Alvin J. Holloway, S.J., an associate professor of philosophy, died Tuesday, Feb. 24 at Our Lady of Wisdom Healthcare Center from complications involving diabetes and vascular disease. He was 77.
Holloway was a graduate of St. John High School in Shreveport. After graduating, he entered the Society of Jesus and received his B.A. at Spring Hill College.
Holloway also studied at St. Mary’s College and St. Louis University, and then Fordham University, where he earned a Ph.D.
He taught at Loyola for 42 years, where he was also the chairman of the Department of Philosophy from 1967 to 1998, and as Dean of the Summer Sessions from 1967
to 1970.
The Rev. Stephen Rowntree, S.J., a friend of Holloway’s for more than 30 years, said that “he was a superb chair of the philosophy department,” and that “he really looked after the faculty members and tried to really help us do well,…and he was a very fine teacher.”

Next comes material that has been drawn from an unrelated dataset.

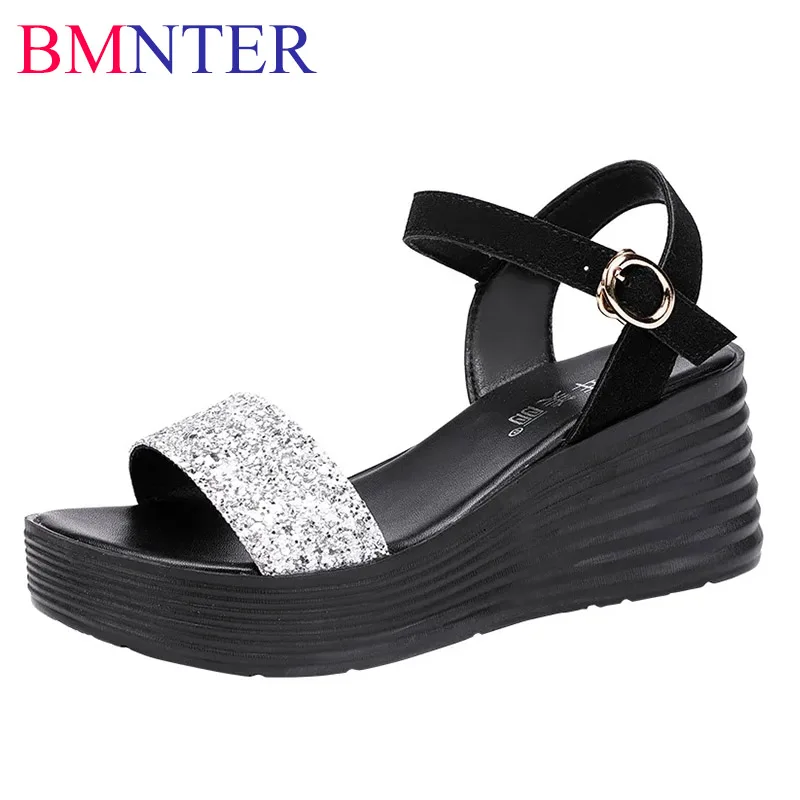 

Soft-soled slope heel high-heeled sandals women 2023 summer muffin thick-soled all-match large size buckle sandals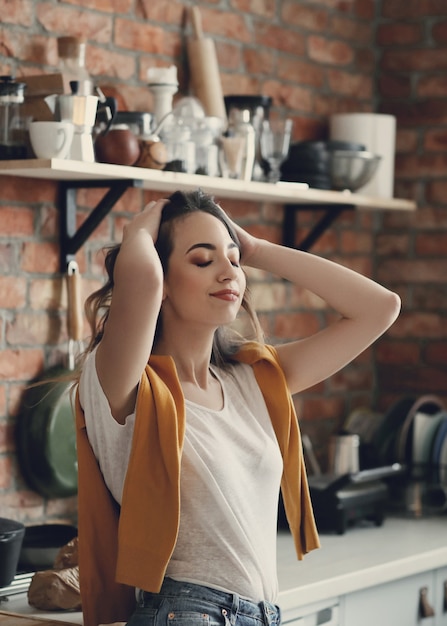 Photo gratuite belle jeune femme dans la cuisine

Rowntree explained that Holloway “was the chair when the transition was made from pretty-much an all-Jesuit philosophy department to one incorporating lay people.”
Holloway also served on numerous committees, including the Institutional Review Board (for research on human subjects) and the Premedical Advisory Board.
“He knew a lot about the working of the university,” Rowntree said.
His original interest was in Medieval Philosophy with a specialization in late Ancient and early Medieval thought, especially in the thought of Augustine and Aquinas. In later years, his teaching interests included Ancient (Greek and Roman) Philosophy, Medieval Philosoph, and Ethics, especially Biomedical Ethics. His latest philosophical research included St. Augustine’s teachings on marriage, physician-assisted suicide and the cloning of human beings. Prior to his death, he was working on a book entitled “The Transformation of Stoic Themes in the Writings of St. Augustine of Hippo.”
Holloway is survived by his cousin, a former president of Loyola University and current physics professor, the Rev. James C. Carter, S.J. A funeral Mass was said at the Most Holy Name of Jesus Church on Friday, Feb. 27.